During the actual donation process, all donors are given a mini-medical check-up, and asked a series of questions to ensure that they are eligible to donate for our community blood supply. Many health conditions do not prevent people from donating blood, and the deferral criteria for blood donors is constantly changing, which means that if you were turned down for donation in the past, you may now be eligible to donate.
"My blood isn't rich enough."
The minimum hemoglobin (iron) level to donate blood is 12.5, and if you are deferred for low hemoglobin, your collections specialist can review ways in which to increase your iron level. In many cases, your iron level can be increased significantly by some simple changes to your diet.
"I am too busy."
If you, a family member, a co-worker, a neighbor or a friend were in need of a blood transfusion, would you want to hear this excuse?
Donating blood is safe and easy, and takes less than an hour. And one blood donation can help as many as three or four different people. In what other activity can so little time do so much?
"I might catch a disease."
Donating blood is safer today than it has ever been before. Blood centers follow five layers of safety procedures, including blood donor eligibility standards, individual screening, laboratory testing, confidential exclusion of donations, and donor record checks.
During the actual donation process, all donors are given a mini-medical check-up, and asked a series of questions to ensure that they are eligible to donate for our community blood supply. All questions asked during this process are required by the Food and Drug Administration.
All equipment used in the blood donation process is sterile and disposable (used only once), and the needle and related equipment is disposed of in a specially marked biohazardous container immediately following the donation. Therefore, there is no chance of contracting AIDS or any other disease by donating blood.

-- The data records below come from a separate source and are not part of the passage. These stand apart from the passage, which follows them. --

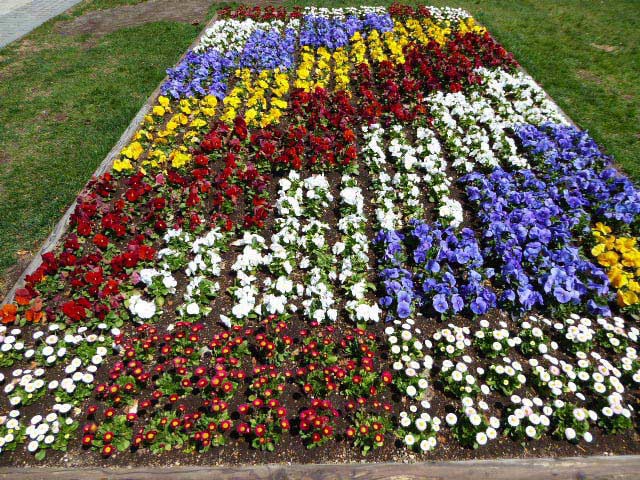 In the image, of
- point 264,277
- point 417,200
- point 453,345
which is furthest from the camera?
point 417,200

"Others are donating enough."
Fifty percent (50%) of the U.S. population is eligible to donate blood, yet only five percent (5%) of those eligible actually donate blood. Blood centers nationwide traditionally run into blood shortages at various times throughout the year. In our region alone, over 500 units of blood are needed each day by patients in area hospitals.
Blood is perishable. Whole blood has a shelf life of 42 days, while platelets (which are used to treat cancer patients and burn victims) have a shelf life of only 5 days. Therefore, it is vitally important to maintain a steady stream of blood donors, in order to ensure the safety and availability of the blood supply for all of us.
"I don't have any spare blood to donate."
Blood makes up about 7% of your body's weight, and the average adult has approximately two pints of blood for every 25 pounds of body weight. The body is constantly manufacturing blood, so after your whole blood donation, you will not be eligible to donate for 56 days, during which time your body will completely replenish the blood you have so generously donated.
"I'm afraid of being turned down."
There are many reasons why you might be deferred from donating blood. Some of these deferrals are permanent, while many of them are only temporary. The deferral criteria for blood donors is constantly changing, which means that if you were turned down for donation in the past, you may now be eligible to donate.